Inside Quantum Technology

Quantum Engineering Required to Overcome Challenges to Make Quantum Computing a Reality

(MIT.edu) Quantum systems are not easy to manage, thanks to two related challenges. Both science and engineering will be required to overcome these challenges to make quantum computing a reality.
The first problem is that a qubit’s superposition state is highly sensitive, The second challenge lies in controlling the qubit to perform logical functions, often achieved through a finely tuned pulse of electromagnetic radiation.
William Oliver is an associate professor in MIT’s Department of Electrical Engineering and Computer Science, a Lincoln Laboratory Fellow, and the director of the MIT Center for Quantum Engineering. The computers Oliver engineers use qubits composed of superconducting aluminum circuits chilled close to absolute zero. The system acts as an anharmonic oscillator with two energy states, corresponding to 0 and 1, as current flows through the circuit one way or the other. These superconducting qubits are relatively large, about one tenth of a millimeter along each edge.
Oliver is constantly fighting decoherence, seeking new ways to protect the qubits from environmental noise. His research mission is to iron out these technological kinks that could enable the fabrication of reliable superconducting quantum computers. “I like to do fundamental research, but I like to do it in a way that’s practical and scalable,” Oliver says. “Quantum engineering bridges quantum science and conventional engineering and both will be required to make quantum computing a reality.”
Another solution to the challenge of manipulating qubits while protecting them against decoherence is a trapped ion quantum computer, which uses individual atoms — and their natural quantum mechanical behavior — as qubits.

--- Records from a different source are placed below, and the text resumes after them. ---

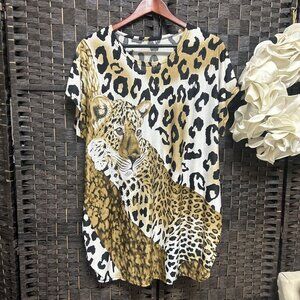 Blossom by P Vintage Womens Jeweled Tiger Print Tunic Top Size 1X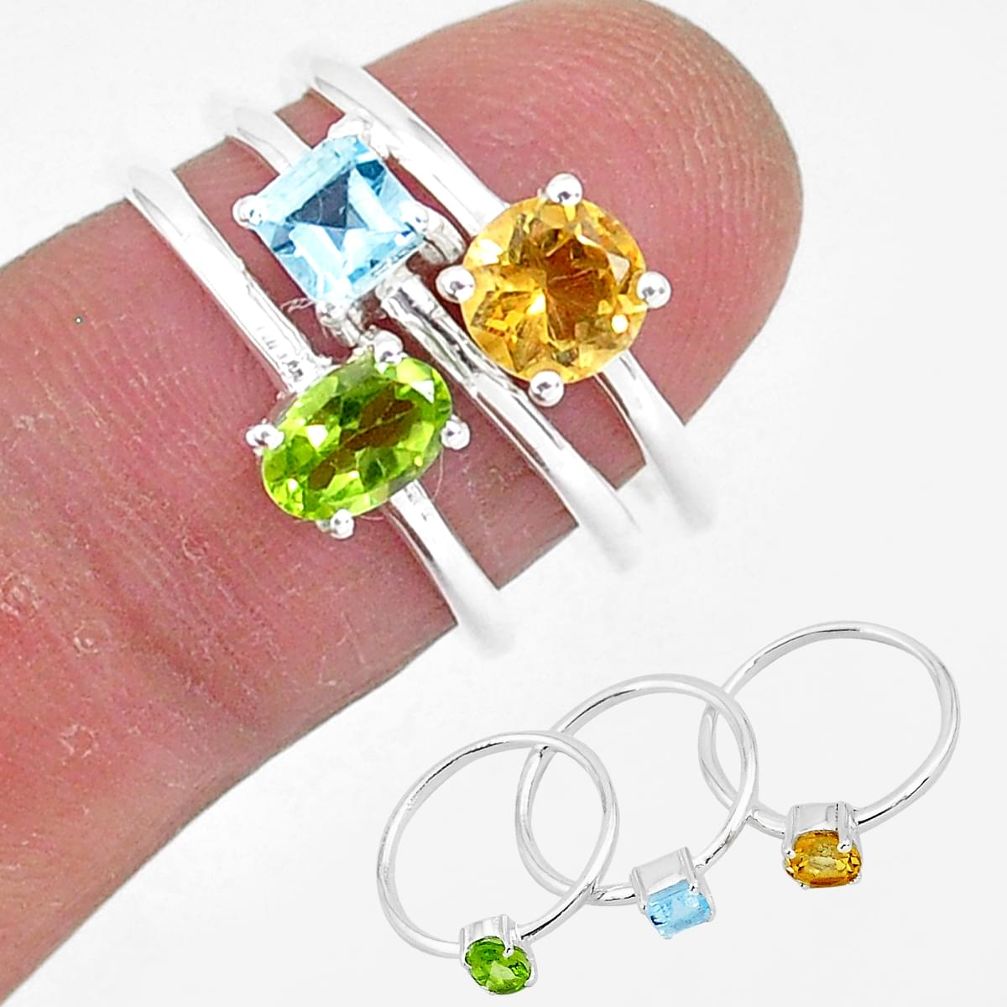 3.23cts natural green peridot citrine topaz 925 silver 3 rings size 6 r93040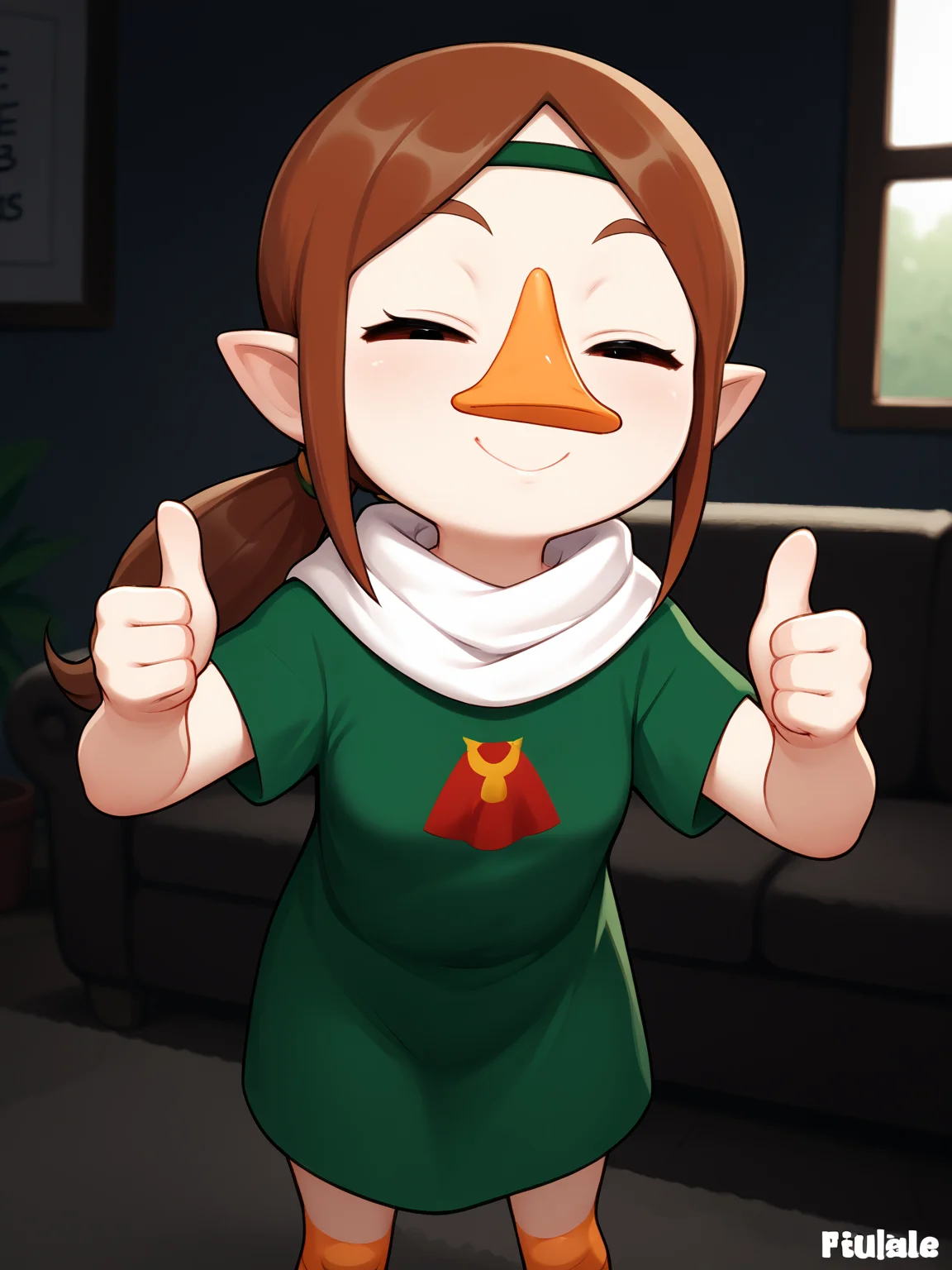 score_9, score_8_up, score_7_up, (approval, joyful ^_^ happy, , closed eyes, opened mouth, smile, thumbs up,, ), <lora:Medli:0.9>, brown hair, ponytail, beak, bird feet, young, small breasts, flat chest, looking at viewer, room, couch,
green tunic, red tunic, white scarf,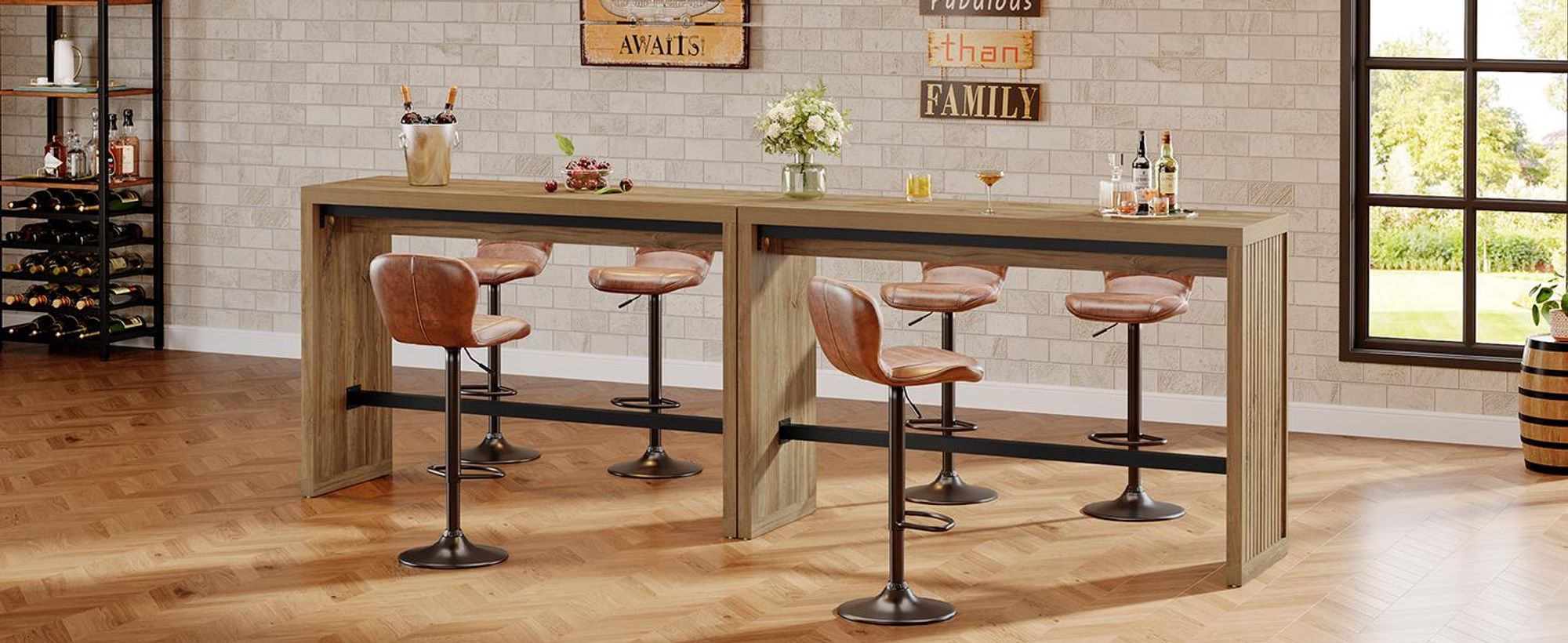 Tribesigns Bartisch, 140 cm Stehtisch mit Metallfußstütze, rechteckiger Stehtisch für Hausbar, Küche, Esszimmer, Bistro, Wohnzimmer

Atoms make for simpler qubits than supercooled circuits, according to John Chiaverini, a researcher at the MIT Lincoln Laboratory’s Quantum Information and Integrated Nanosystems Group. “Luckily, I don’t have to engineer the qubits themselves,” he says. “Nature gives me these really nice qubits. But the key is engineering the system and getting ahold of those things.”
Chiaverini notes that the engineering challenges facing trapped ion quantum computers generally relate to qubit control rather than preventing decoherence.
Oliver and Chiaverini agree that quantum information processing will hit the commercial market only gradually in the coming years and decades as the science and engineering advance.
“Quantum computing has been the future for several years,” Chiaverini says. But now the technology appears to be reaching an inflection point, shifting from solely a scientific problem to a joint science and engineering one — “quantum engineering” — a shift aided in part by Chiaverini, Oliver, and dozens of other researchers at MIT’s Center for Quantum Engineering (CQE) and elsewhere.